# 2018 Piston/motor problems?



## Eddy Cruze (Jan 10, 2014)

Yes better Pistons


----------



## cnunnink (Nov 1, 2018)

Thats good to hear. just got the 2018 cruze LT sedan. Just to work, ill be doing 23,000 miles a year.


----------



## Terri C (Nov 14, 2018)

Good to know. thanks.


----------



## crunch21 (Jul 16, 2018)

So im thinking the upgraded pistons and the 0w-20 weight oil is doing the trick. Havent seen any posts on 2018 models with the exploding piston issue.


----------



## Ma v e n (Oct 8, 2018)

Redesigned pistons were introduced in the 1.5L engine beginning 1/26/17, they likely went into the LE2 right near there. I don't know for sure though.

May of this year an updated ECM calibration was released to reduce likelihood of piston issues. 

The 0w20 has nothing in my opinion to do with the reduction of the issue, it's the new SN+/Dexos1g2 that helps. My Cruze would never see 0w20.


----------



## XtremeRevolution (Jan 19, 2012)

They didn't change much about the pistons. They had pistons cracking due to LSPI. They changed the engine tuning and changed the engine oil specification to try to fight LSPI better. Still not enough since they're still occasionally dropping pistons. To date, AMSOIL is the only company that has advertised they are able to completely prevent LSPI according to GM's dexos1 gen2 LSPI test. 

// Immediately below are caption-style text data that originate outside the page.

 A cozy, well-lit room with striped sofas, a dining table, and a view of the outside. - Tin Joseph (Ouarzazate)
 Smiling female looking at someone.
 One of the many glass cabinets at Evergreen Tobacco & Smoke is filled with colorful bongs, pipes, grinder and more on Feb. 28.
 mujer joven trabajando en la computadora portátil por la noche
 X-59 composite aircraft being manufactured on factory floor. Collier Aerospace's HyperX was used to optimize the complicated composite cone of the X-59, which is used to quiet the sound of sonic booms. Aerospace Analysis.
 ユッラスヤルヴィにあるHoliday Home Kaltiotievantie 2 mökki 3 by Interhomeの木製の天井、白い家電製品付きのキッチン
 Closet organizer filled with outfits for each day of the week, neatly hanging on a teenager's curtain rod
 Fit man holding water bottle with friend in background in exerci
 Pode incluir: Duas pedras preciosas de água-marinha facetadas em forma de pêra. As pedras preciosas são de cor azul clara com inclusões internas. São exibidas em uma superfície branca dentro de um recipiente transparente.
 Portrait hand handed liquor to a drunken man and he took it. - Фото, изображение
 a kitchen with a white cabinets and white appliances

GM's test allows 4 LSPI Events to occur and still pass. AMSOIL passes with 0 events, across 5 consecutive tests. LSPI is a "super knock" event that causes piston damage.


----------



## HBCRUZE2017 (Jan 25, 2018)

luck be with you lol my 17 blew up at about 30k miles 

had regular oil changes at dealer and used 87 octane


----------



## jblackburn (Apr 14, 2012)

I have yet to hear of an 18 cracking pistons.

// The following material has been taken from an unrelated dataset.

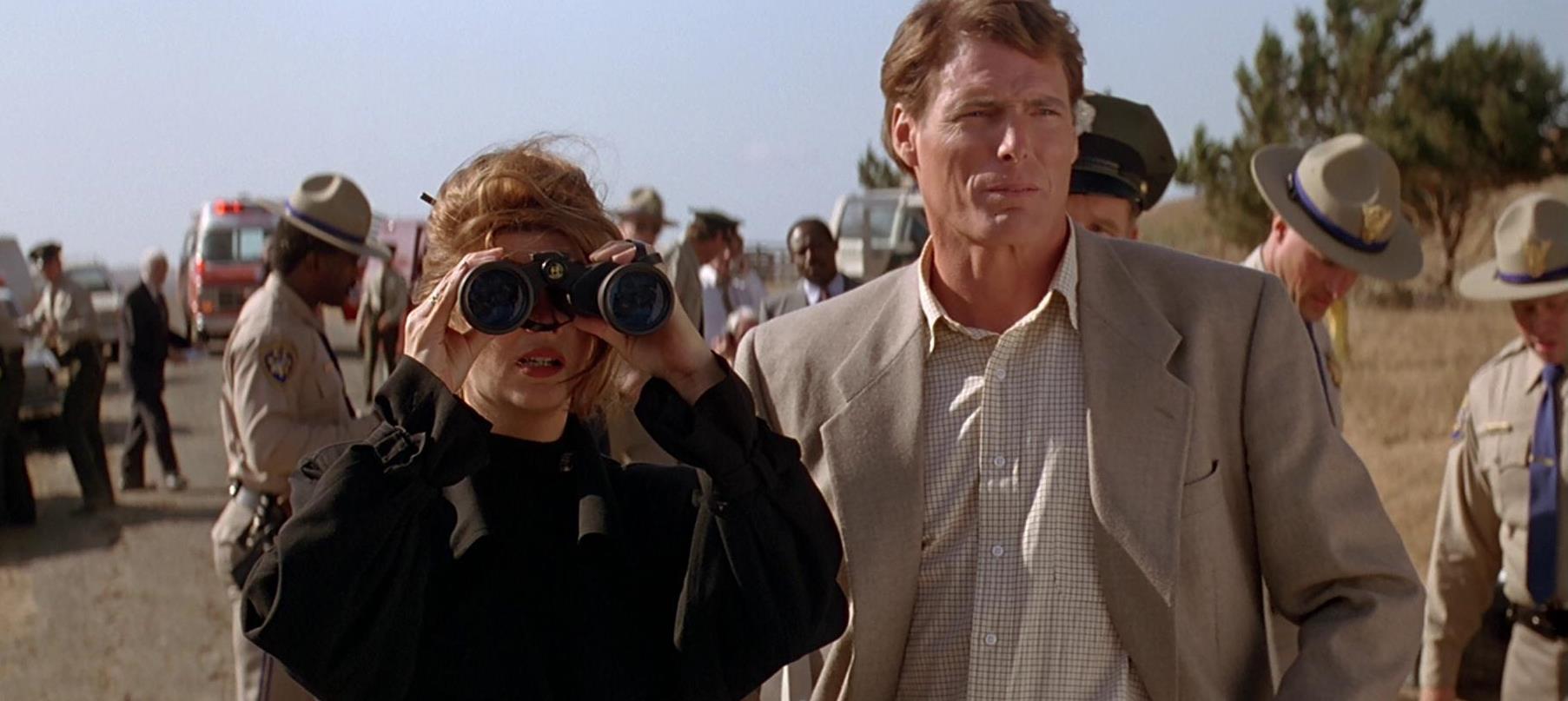 Christopher Reeve and Kirstie Alley (behind binoculars) watch from the military cordon line in Village of the Damned (1995)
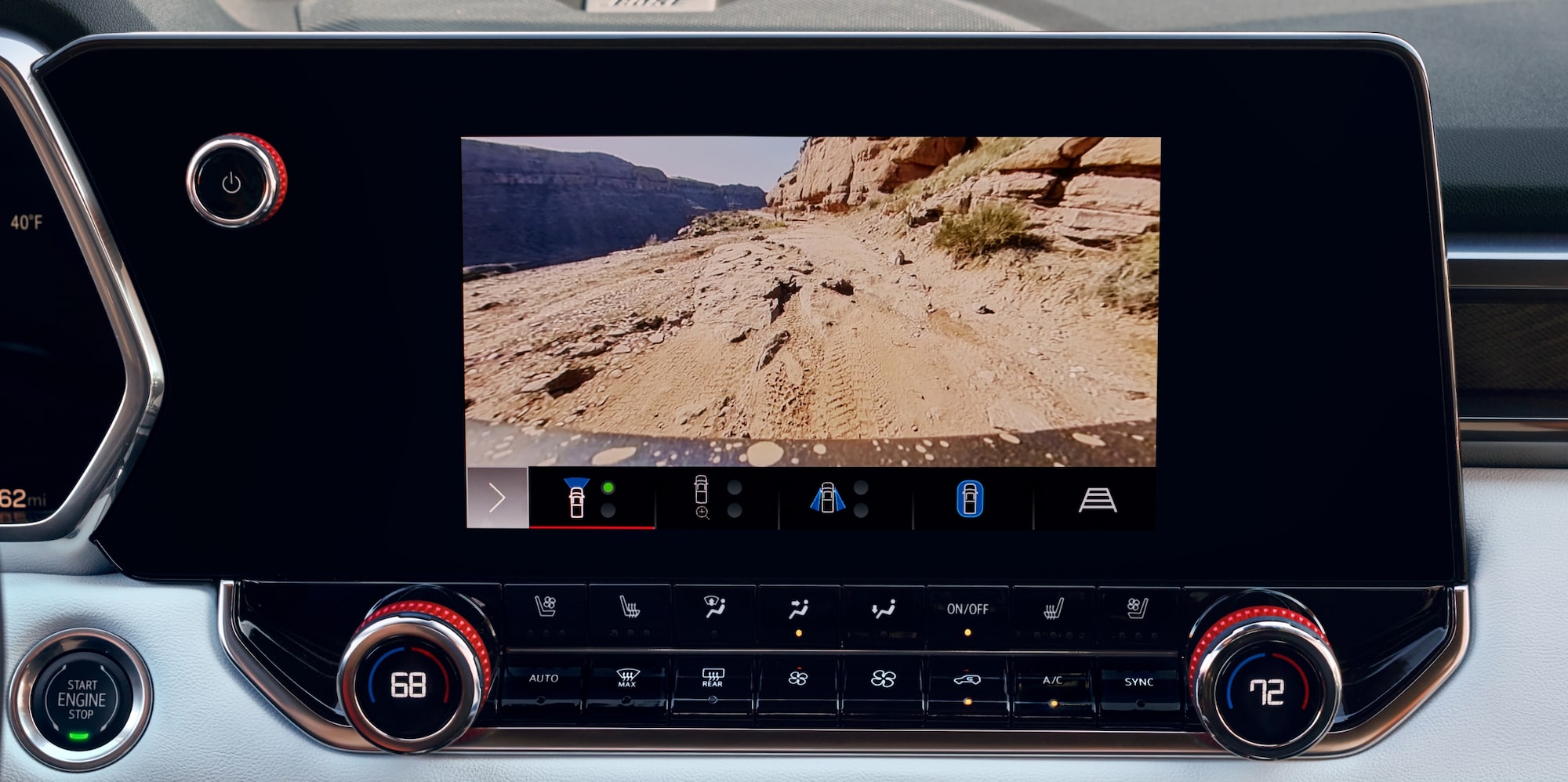 The Interior Dashboard of a 2027 GMC Canyon with an Infotainment Screen Displaying an Off-Road Trail View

17's still used the original motors/piston design. There is a new part number, but they didn't make it into the 17 production run.


----------



## snowwy66 (Nov 5, 2017)

So far. Everyone that's responded with pistons. Which is a few. Has all pointed to same brand. 

No one is saying or mentioning any other brand. Not yet anyways.


----------



## nightfallgrey2018 (Nov 15, 2017)

Ma v e n said:


> May of this year an updated ECM calibration was released to reduce likelihood of piston issues.
> .


My dealer never offered me an updated ECM calibration. Are you sure about that before I go and make a fool out of myself if I go and ask this to my local dealer?


----------



## Ma v e n (Oct 8, 2018)

nightfallgrey2018 said:


> Ma v e n said:
> 
> 
> > May of this year an updated ECM calibration was released to reduce likelihood of piston issues.
> ...


I'm sure there is a calibration that was released to reduce e the likelihood of piston damage due to LSPI/stochastic preignition.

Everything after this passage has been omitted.